Generalizzando, dovrebbero innanzitutto capire quali sono i punti di forza della loro offerta di prodotto, cioè i motivi per cui all’estero qualcuno dovrebbe acquistare i prodotti proposti. Poi decidere con che strategia commerciale operare all’estero: tramite presenza diretta, tramite importatori, con agenti, e così via. Non trascurando le potenzialità offerte dall’online (Amazon e gli altri, in primis). Ed infine organizzarsi per eseguire la strategia, dotandosi delle competenze necessarie in termini di persone e risorse. In realtà, il percorso va delineato caso per caso, per ogni singola azienda, tenendo conto delle caratteristiche dell’azienda stessa, della tipologia di prodotti che vende, delle risorse di cui è dotata.

Cosa NON dovrebbero fare le aziende che vogliono andare all’estero, quali gli errori da evitare?
Lavorando con molte PMI alimentari ed aiutandole a sviluppare le loro vendite all’estero, abbiamo notato alcuni errori che molti imprenditori fanno spesso. Il primo è quello di semplicemente replicare all’estero la loro offerta Italiana. In realtà, ogni mercato fa storia a se e potrebbero essere necessari adattamenti, ad esempio, al packaging, o al posizionamento di prezzo. Prima di proporsi in qualche paese, perciò, è consigliabile fare un minimo di ricerca sull’offerta di prodotti simili già presente (ad esempio, visitando gli shop online delle principali catene presenti nel paese in cui si vuole vendere!). Il secondo errore tipico è pensare che all’estero “sia tutto gratis”. In realtà, se si vuole avere successo anche all’estero, proprio come in Italia, è necessario qualche investimento di marketing.
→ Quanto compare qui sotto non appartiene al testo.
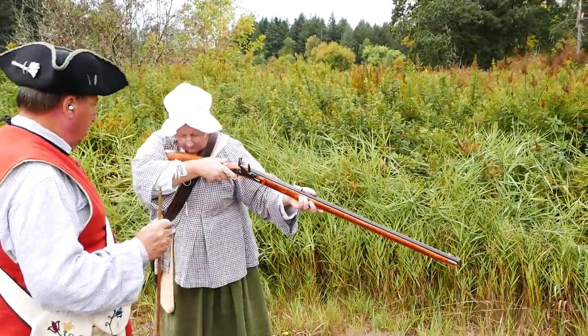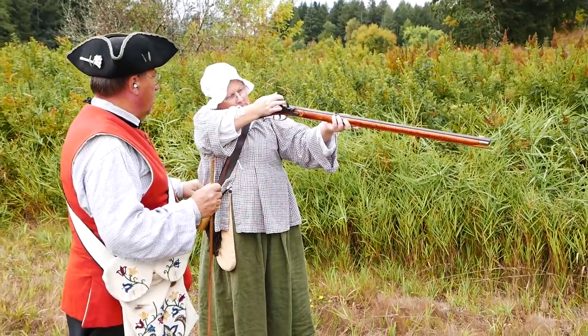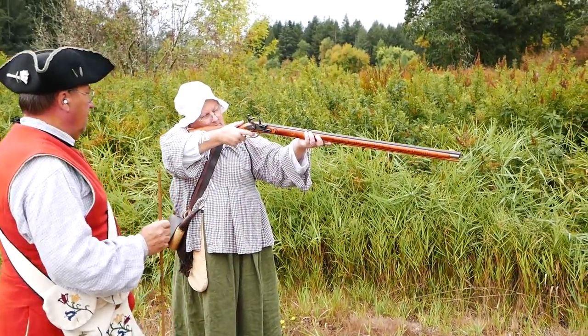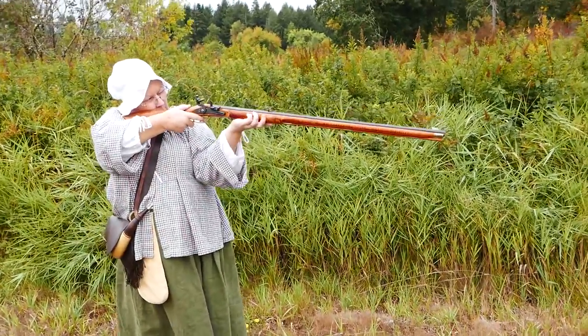Reach up with your thumb, you gotta pull it to full cock. Get a good grip on it. Alright, I'm gonna let you shoot the first one before I take a picture.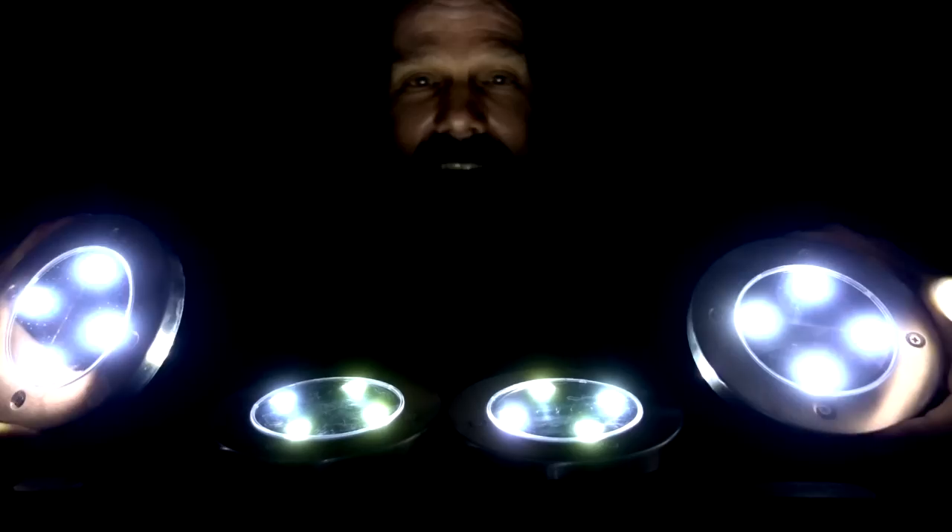I'm James White with Frequent Reviews, specializing in as-seen-on-TV reviews. Today I'm doing the Bell & Howell disc lights, the solar-powered accent lighting. Let's get started.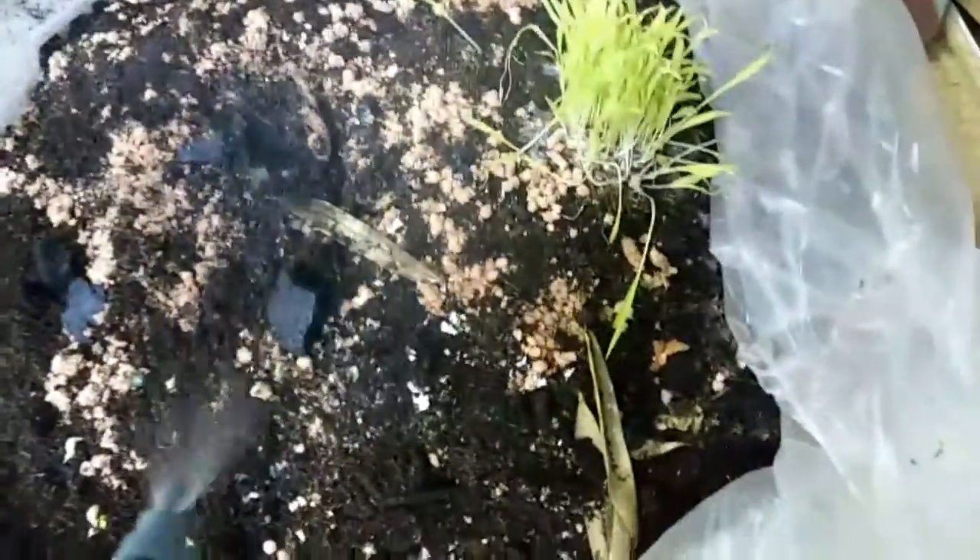I'm going to move it around a little bit and then spray a little of that water on there and they'll react to that.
Infine, molte PMI cercano di trovare clienti, di solito importatori, a cui vendere i propri prodotti senza curarsi di quello che succede dopo: in che canali finiscono i prodotti, a che prezzo vengono venduti, e così via. Queste però sono cose determinanti per il successo dell’azienda, e non è bene delegare tutto all’importatore senza nessuna guida né controllo. Questi sono gli errori che vediamo più tipicamente commessi dai nostri clienti e che spesso impediscono di ottenere risultati di vendita significativi

E i mercati? Tutti vogliono andare in Cina ma ci sono tanti altri paesi forse più facili…
Ci sono circa 200 paesi al mondo. E’ importante, perciò, fare delle scelte ben precise su dove è meglio focalizzarsi in partenza e pianificare con cura l’espansione successiva. Ai nostri clienti, suggeriamo spesso di iniziare dai paesi Europei, più vicini a noi geograficamente. Guardando al mondo, chiaramente Cina e India sono mercati enormi ma molto diversi dal nostro per organizzazione del sistema distributivo e quindi difficili da approcciare. Gli USA da sempre rappresentano un grande sbocco per i prodotti alimentari Italiani, ma richiedono un ottimo “food broker” e grande attenzione e presenza. Poi ci sono tanti mercati lontani grandi ed in crescita, come il Messico (120 milioni di abitanti), l’Indonesia (254 milioni di abitanti) o le Filippine (110 milioni di persone), perlopiù inesplorati dalle nostre aziende ma già “colonizzati” dai grandi brand americani. E tanti altri ancora: il mondo è grande e la domanda di prodotti alimentari Italiani presente quasi ovunque.